* Task to carry out *
Word for word, restate the lines of the listing below from the line with "MN license plate 214LGO" through the line with "Snow Lake Landscape Painting By Numbers.png", and do not include the pictures.

* Information given *
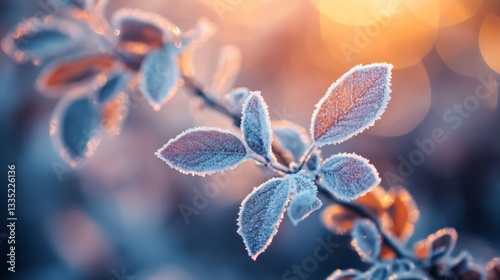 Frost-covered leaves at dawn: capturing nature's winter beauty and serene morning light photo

...

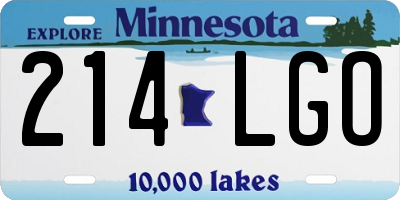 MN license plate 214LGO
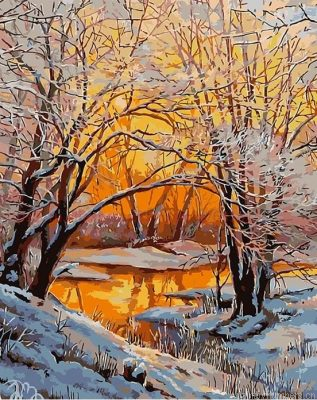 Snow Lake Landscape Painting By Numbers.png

* Problem solution *
 MN license plate 214LGO
 Snow Lake Landscape Painting By Numbers.png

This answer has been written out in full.